- Theatrical release poster
- Directed by: A. Veerappan
- Written by: A. Veerappan
- Starring: Srikanth; Vadivukkarasi; Leela; Priyavadhana;
- Music by: M. S. Viswanathan
- Production company: Aachi Cine Arts
- Release date: 29 February 1980;
- Country: India
- Language: Tamil

= Deiveega Raagangal =

Deiveega Raagangal is a 1980 Indian Tamil-language comedy horror film written and directed by A. Veerappan. The film stars Srikanth, Vadivukkarasi, Leela and Priyavadhana.
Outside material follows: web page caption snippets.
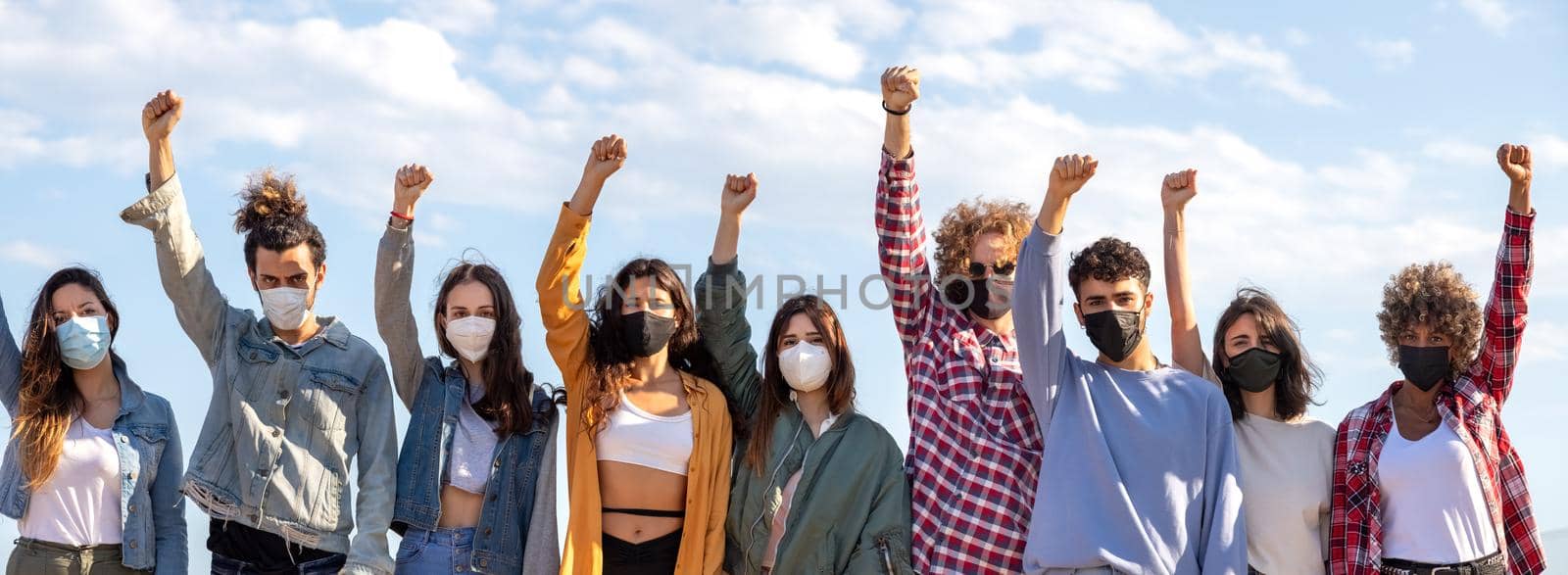 Panoramic image of multiracial activist protesters with fists raised up in the air wearing protective face mask protesting on the street. Demonstration concept.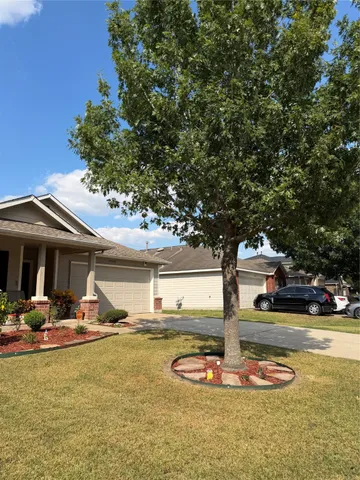 a front view of a house with swimming pool and dining table and chairs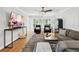 Bright and airy living room featuring hardwood floors and stylish gray furniture at 403 Defoors Mill Nw Dr, Atlanta, GA 30318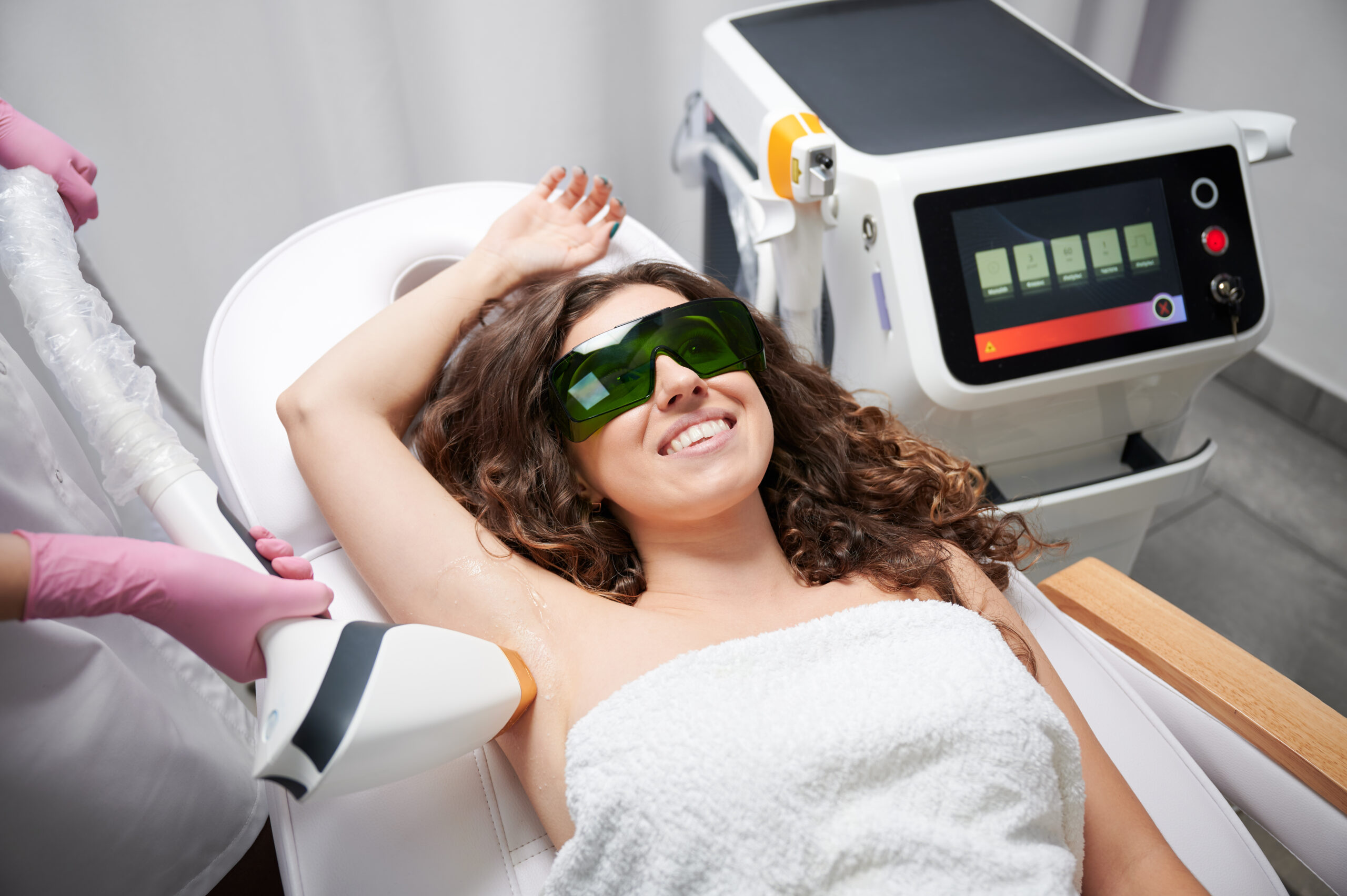 Young woman in safety glasses lying on daybed and smiling while beautician removing hair from female armpit with laser device. Cosmetologist performing laser hair removal procedure in beauty salon.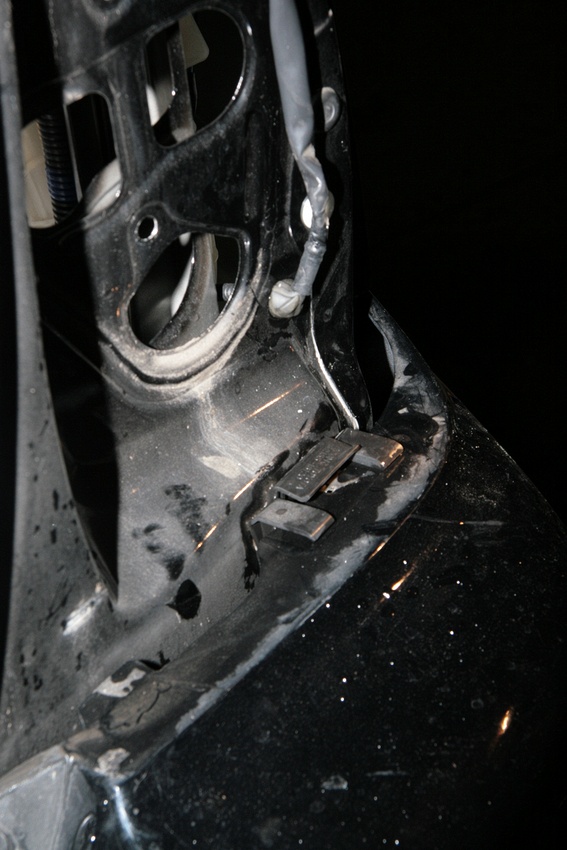 Tail light off...note seam separation above bumper clip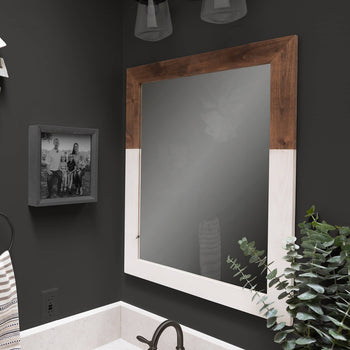 A square, two-toned farmhouse vanity mirror with a wood frame top and white painted bottom hangs on a dark gray wall above a white marble sink. The mirror reflects a slightly obscured view of the bathroom.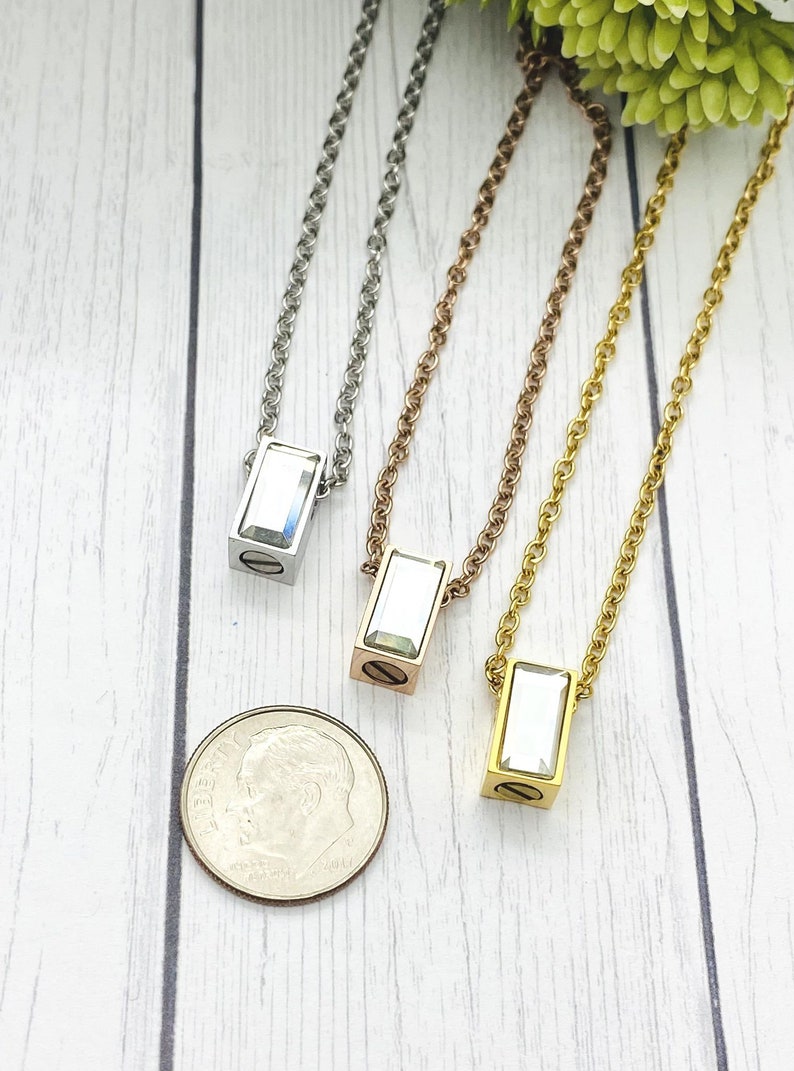 May include: Three silver, rose gold, and gold necklaces with a rectangular pendant featuring a clear crystal. The pendants are about the size of a dime.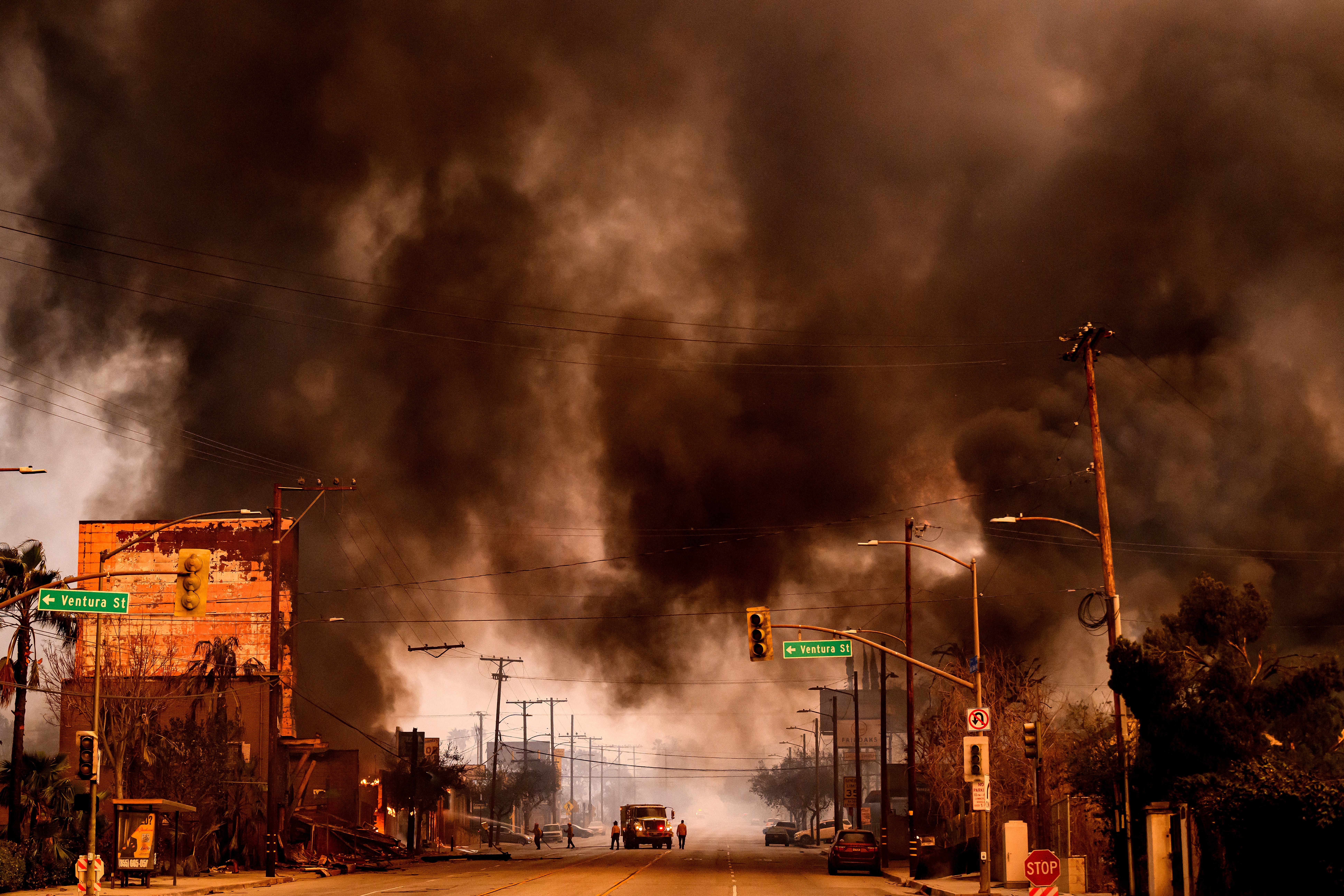 Smokes and flames overwhelms a commercial area during the Eaton fire in the Altadena area of Los Angeles County, California on January 8, 2025. Wildfires are becoming increasingly intense and frequent, producing dangerous smoke that can travel thousands of miles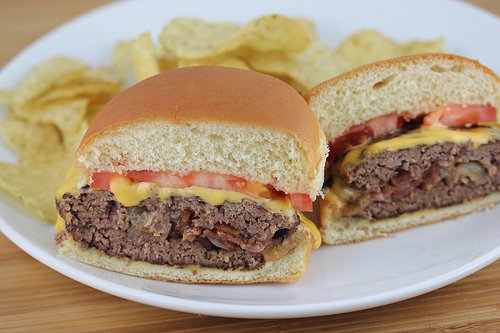 Cheeseburgers with bacon, onion and melted cheese for a tasty 4th of July celebration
It was released on 29 February 1980.

== Plot ==

Prabhu, a wealthy womaniser, cheats three women. The trio commit suicide and live on as spirits. They seek to avenge their deaths by tormenting Prabhu.

== Cast ==
- Srikanth as Prabhu
- Vadivukkarasi
- Leela
- Priyavadhana
- Suruli Rajan

== Soundtrack ==
The soundtrack was composed by M. S. Viswanathan.

Track listing
| No. | Title | Lyrics | Singer(s) | Length |
|---|---|---|---|---|
| 1. | "Paavai Nee Malaigai Paal Nila" | Pulamaipithan | P. Jayachandran, Vani Jairam | 4:28 |
| 2. | "Ganga Yamuna Sarsawathi" | Kannadasan | Vani Jairam | 5:11 |
| 3. | "Pachchai Mohini" | Kannadasan | Vani Jairam | 4:01 |
| 4. | "Oduvathu Azhaguratham" | Kannadasan | Jolly Abraham, S. Janaki |  |

== Critical reception ==
Kanthan of Kalki wrote if thought rationally the concept of spirits taking revenge is an unbelievable imagination however the writer deserves praise for killing the villain by using the movement of spirits. Naagai Dharuman of Anna praised the acting, music, cinematography and direction.